Malcolm R. Campbell is the author of the hoodoo/crime novels “Conjure Woman’s Cat” and “Eulalie and Washerwoman.”

 

 

Tarot cards after all these years

“Tarot reading is an excellent way to learn more about one’s self, have a closer look at your inner self or to examine your very own intentions and ambitions.”

Raven’s Tarot Site

I’ve been tinkering with the I Ching and the Tarot since I was in high school. I don’t do readings for other people. In fact, most people don’t know that I know anything about these divination systems because once they know, they walk on the other side of the street whenever they see you.

knightofswordsI was happy that C. LaVielle contributed a Tarot and storytelling guest post on January 11th because she focused one of the reasons I like both the I Ching and the Tarot: understanding the characters in my stories.

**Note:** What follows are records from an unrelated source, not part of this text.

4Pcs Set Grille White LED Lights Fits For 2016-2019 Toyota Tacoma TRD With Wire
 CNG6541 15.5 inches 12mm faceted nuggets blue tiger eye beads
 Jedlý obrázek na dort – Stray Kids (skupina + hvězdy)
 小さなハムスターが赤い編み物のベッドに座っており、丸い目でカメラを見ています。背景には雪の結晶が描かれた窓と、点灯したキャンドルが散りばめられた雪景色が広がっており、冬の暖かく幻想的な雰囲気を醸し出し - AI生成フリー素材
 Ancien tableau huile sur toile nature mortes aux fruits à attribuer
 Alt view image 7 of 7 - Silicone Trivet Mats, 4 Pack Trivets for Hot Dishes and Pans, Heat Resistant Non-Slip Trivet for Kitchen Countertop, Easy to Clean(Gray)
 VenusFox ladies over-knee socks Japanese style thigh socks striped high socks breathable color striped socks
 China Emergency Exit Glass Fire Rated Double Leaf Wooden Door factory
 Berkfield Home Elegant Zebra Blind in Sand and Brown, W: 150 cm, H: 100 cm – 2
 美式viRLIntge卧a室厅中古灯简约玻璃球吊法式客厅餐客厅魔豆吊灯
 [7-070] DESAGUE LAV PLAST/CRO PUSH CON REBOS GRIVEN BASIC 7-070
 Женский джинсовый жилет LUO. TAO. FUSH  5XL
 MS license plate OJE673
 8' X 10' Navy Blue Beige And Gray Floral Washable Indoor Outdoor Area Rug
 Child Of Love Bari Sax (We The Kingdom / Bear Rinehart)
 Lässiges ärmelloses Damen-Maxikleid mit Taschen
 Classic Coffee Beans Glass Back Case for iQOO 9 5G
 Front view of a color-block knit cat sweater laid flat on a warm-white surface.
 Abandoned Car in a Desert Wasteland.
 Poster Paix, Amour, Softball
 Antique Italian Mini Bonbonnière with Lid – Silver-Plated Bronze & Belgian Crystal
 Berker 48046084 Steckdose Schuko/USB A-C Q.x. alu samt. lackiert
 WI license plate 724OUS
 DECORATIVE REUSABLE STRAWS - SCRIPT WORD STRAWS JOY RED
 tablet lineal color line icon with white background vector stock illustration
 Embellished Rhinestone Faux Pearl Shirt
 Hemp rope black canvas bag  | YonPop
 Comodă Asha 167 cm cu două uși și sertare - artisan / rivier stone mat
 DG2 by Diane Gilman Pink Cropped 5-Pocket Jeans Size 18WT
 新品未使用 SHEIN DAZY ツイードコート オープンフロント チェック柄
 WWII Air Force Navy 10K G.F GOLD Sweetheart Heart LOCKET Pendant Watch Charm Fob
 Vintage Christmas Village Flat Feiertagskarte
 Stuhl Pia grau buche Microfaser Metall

Like Joseph Campbell’s Hero’s Journey, both the I Ching and the Tarot present ways of looking at the world. The Tarot, of course, is closely linked to the Tree of Life of the Kabbalists.  The future isn’t fixed. At least I don’t think it is. So I don’t use any of these ways of looking at the world for predicting the future. In fact, they tell me what I know that I don’t know that I know. That is to say, they tell me what the unconscious part of me knows to be true even though the conscious part of me hasn’t figured it out yet.

My sun sign is Leo and the card representing me in the Tarot is the Knight of Swords (called King of Swords in most decks). This is why the URL for this site includes “knight of swords.” When I do Tarot readings for myself, the knight is me. When I do readings about novels I’m writing, the knight is always the logic of the story, cruel at times, to be sure, but nonetheless the fiery part of air as the card is described.

As a character in one of my novels said, he doesn’t want to see the future because that would spoil the surprise. It would also impact what he (or any of us) choose to do right now. Our power is always in the now. I see that, but the characters in my stories don’t always notice it. Plus, seeing the future would give us the false idea the whole shebang out there is engraved in stone when, actually, nothing except epitaphs are engraved in stone.

As a knight of swords, I’m a trickster (among other things), so that means I’m always stirring things up. That’s one reason I write fiction–to stir things up. That’s also why I like my Tarot deck: it shows me that even when I don’t consciously know I’m doing it, I’m stirring things up–and creating ideas that I let other people carry out to completion after I’ve wandered off to something new.

I see this as the author’s first duty–sowing seeds, suggesting things that bother people while making them think, suggesting that things aren’t what they appear to be, telling people that whatever goes bump in the night is real, finding the story inside everything that happens.

It’s one hell of a thing to do, but somebody’s got to do it. Fortunately, my Tarot deck “advises me” when it’s time to step back before the mob shows up on my door step.